Prompt:
In the records that follow, find the line containing "Футболка женская" and the line containing "Vessel Inn Ueno", then transcribe both and every line between them exactly, omitting pictures.

Records for this exercise:
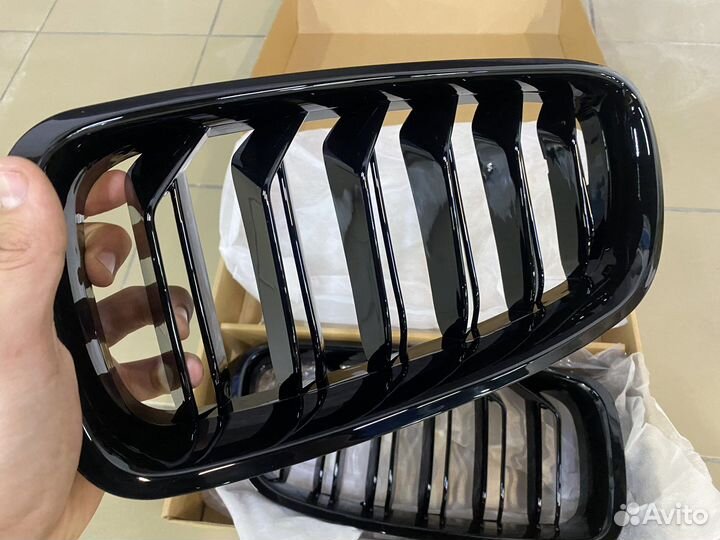 Решетка радиатора BMW F30 CS черный глянец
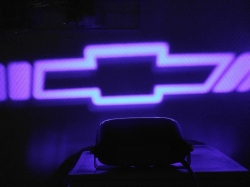 проектор заднего бампера chevrolet проекция логотипа на бампер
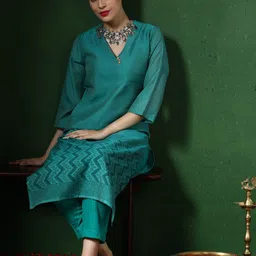 Jaipur Kurti Women Embroidered Thread Work Chanderi Silk Kurta-image-61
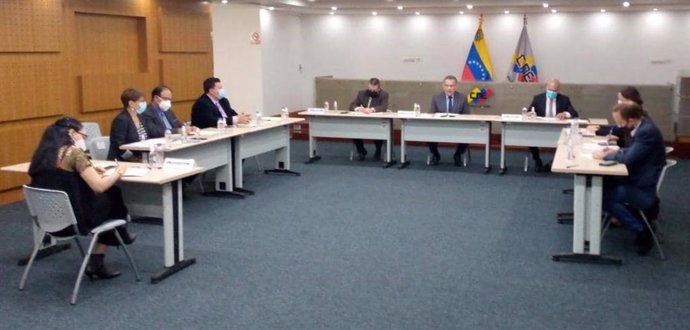 Reunión de los rectores del CNE con miembros de la misión electoral de la UE en Venezuela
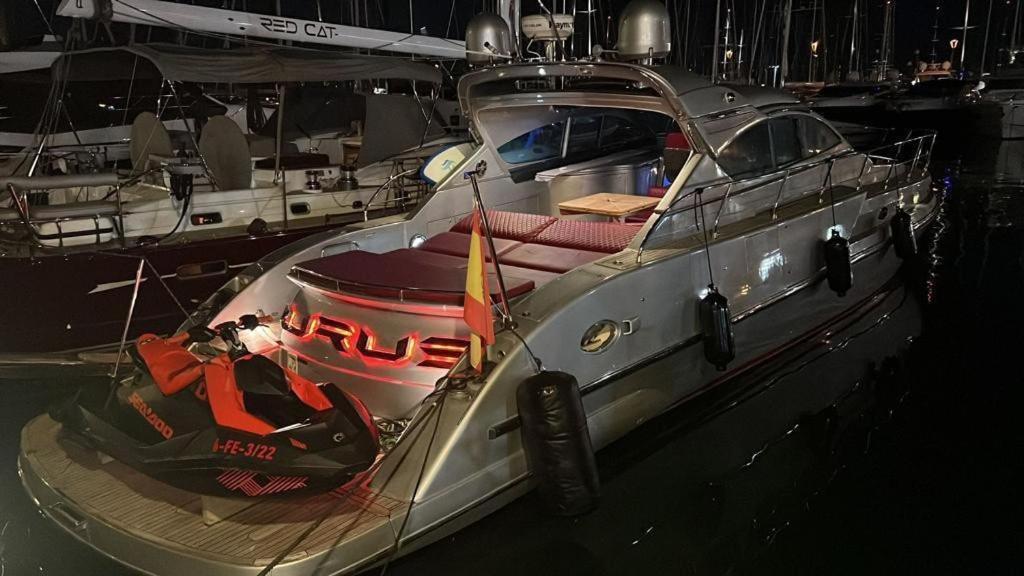 Urus - Live The Experience Bateau-hôtel *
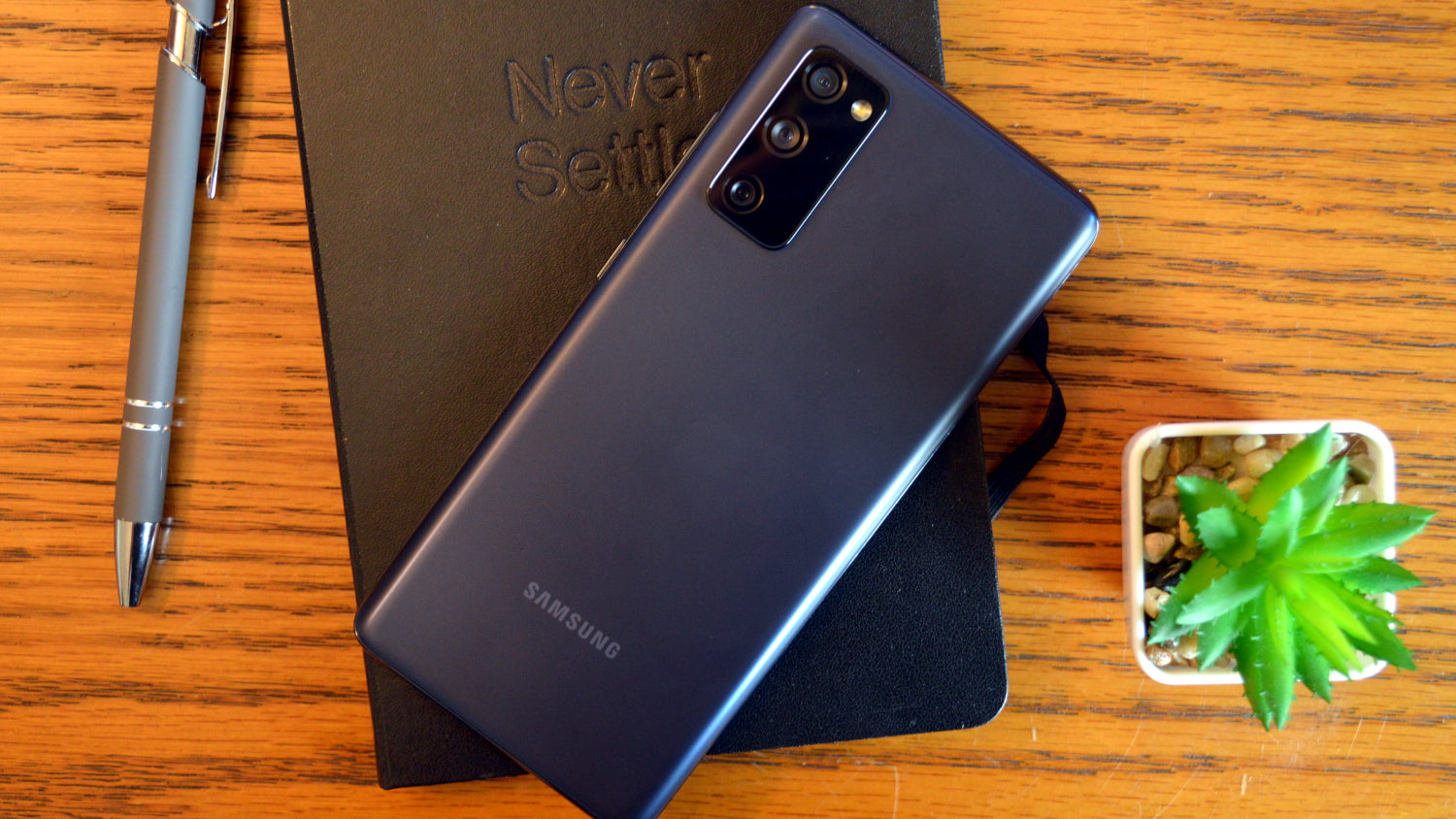 Samsung Galaxy S20 FE - Grade A fonezworldarklow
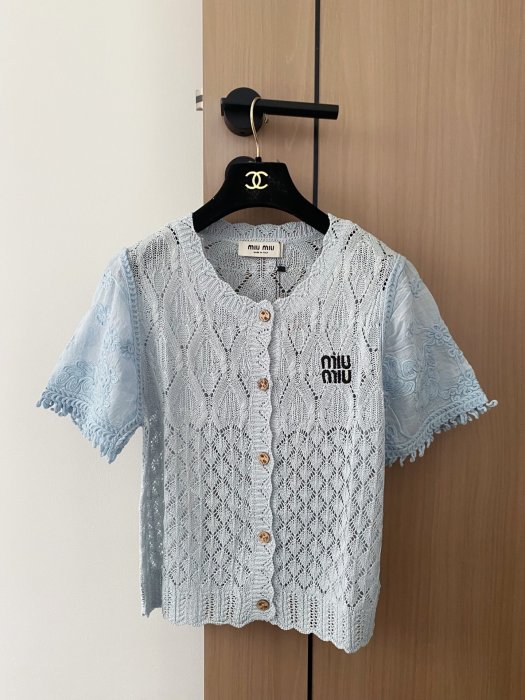 Футболка женская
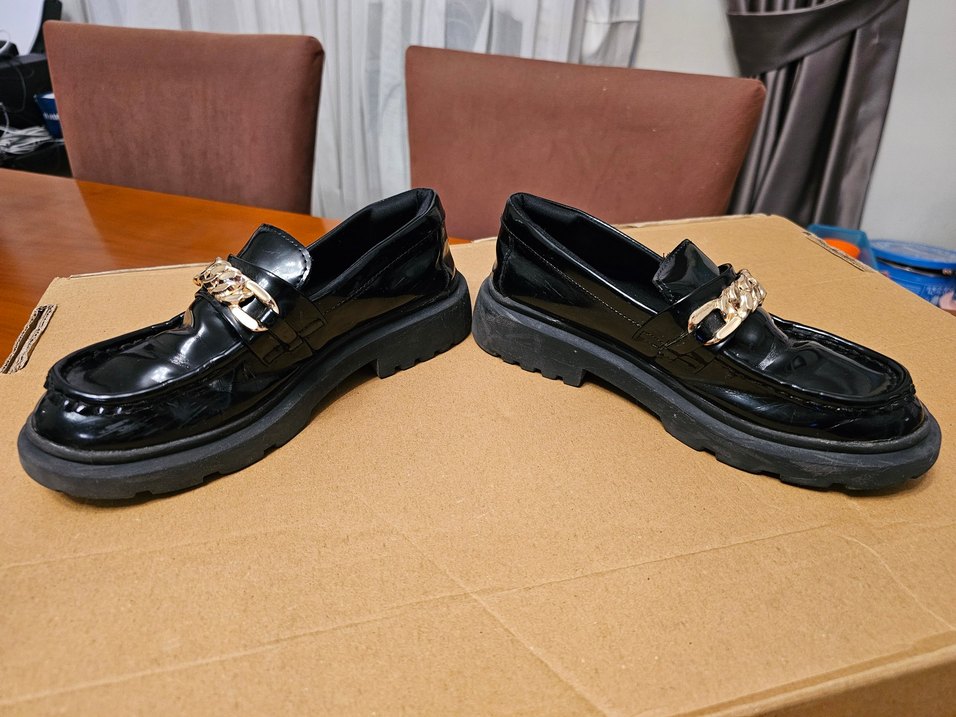 Zara kız çocuk rugan makosen ayakkabı - Görsel 5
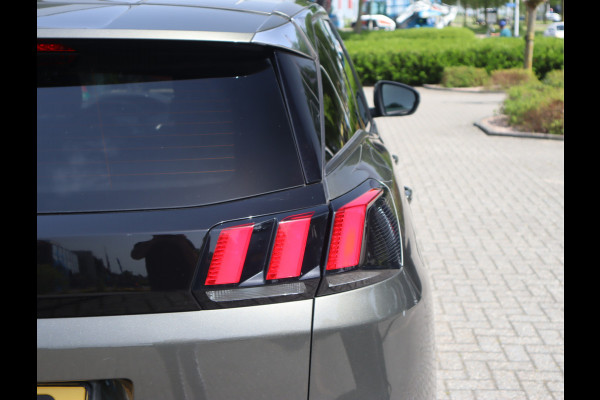 Peugeot 3008 1.2 PureTech Blue Lease Premium Airco / Navi / Trekh / Elekramen / All-season banden / Export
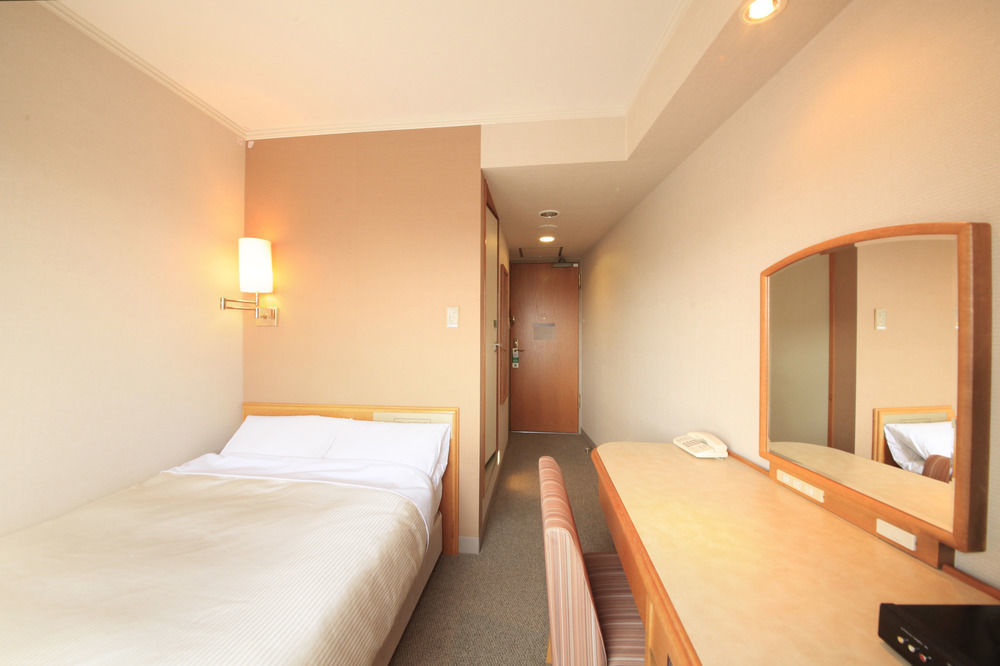 Vessel Inn Ueno Iriya Station Tokyo Exterior photo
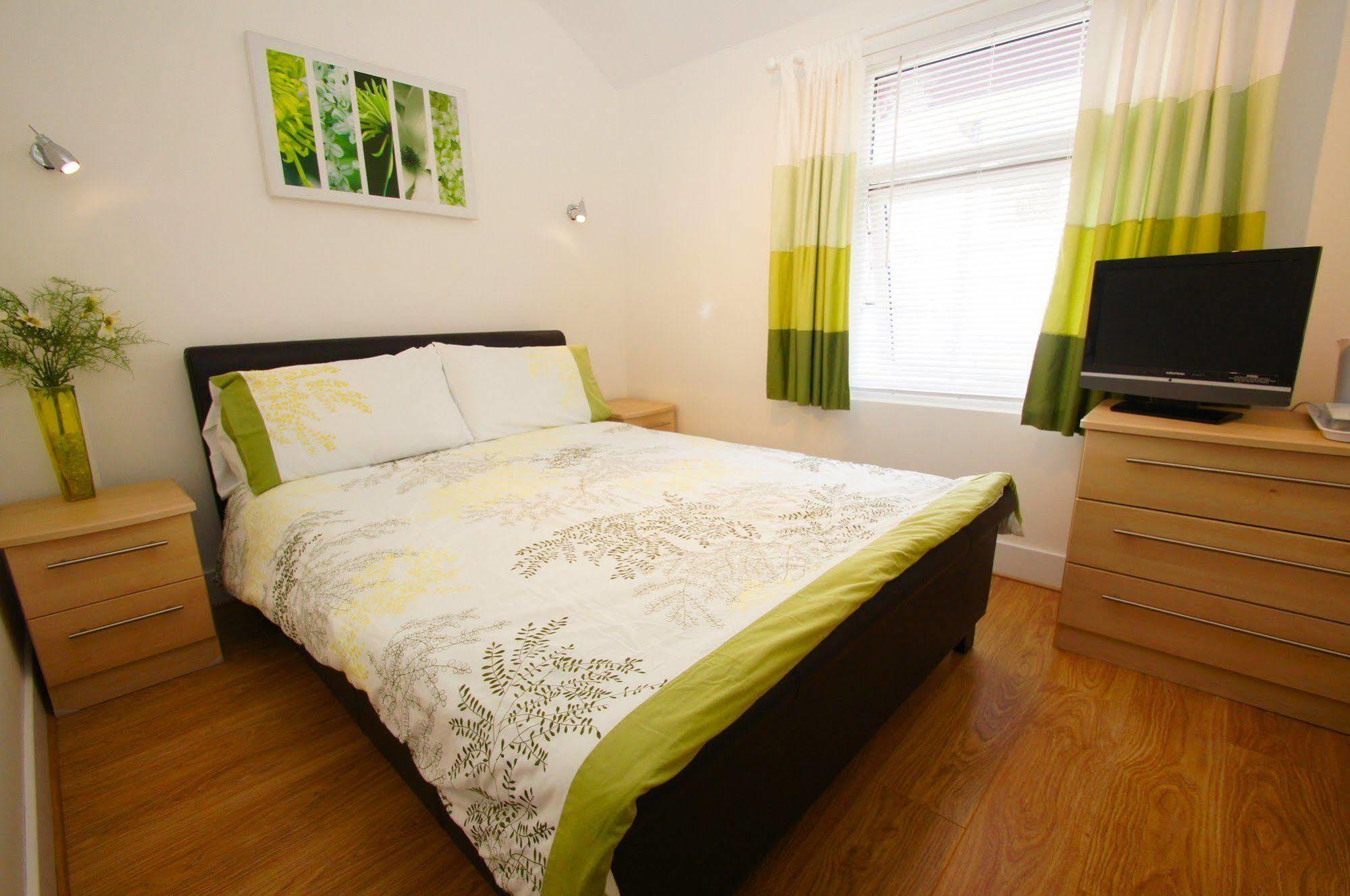 شانكلين The Richmond Bed And Breakfast - Adults Only المظهر الخارجي الصورة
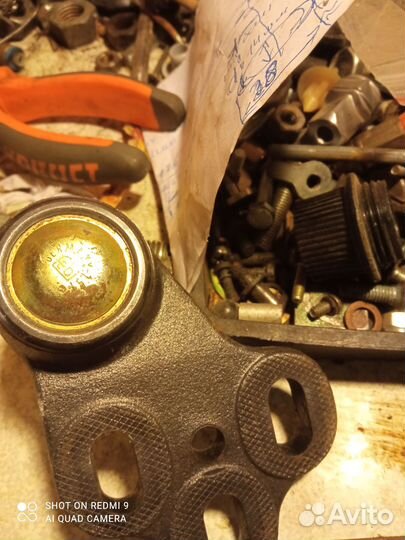 Комплект шаровых ауди В4 лев и правый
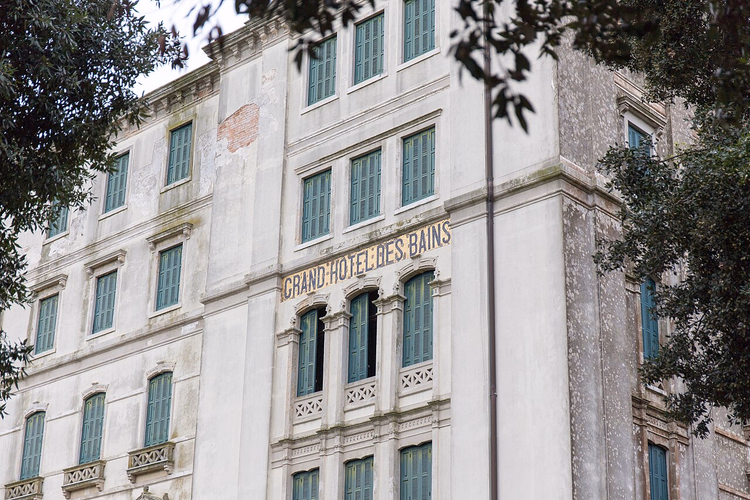 tabelasıyla Grand Hotel des Bains'in cephesi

Response box:
 Футболка женская
 Zara kız çocuk rugan makosen ayakkabı - Görsel 5
 Peugeot 3008 1.2 PureTech Blue Lease Premium Airco / Navi / Trekh / Elekramen / All-season banden / Export
 Vessel Inn Ueno Iriya Station Tokyo Exterior photo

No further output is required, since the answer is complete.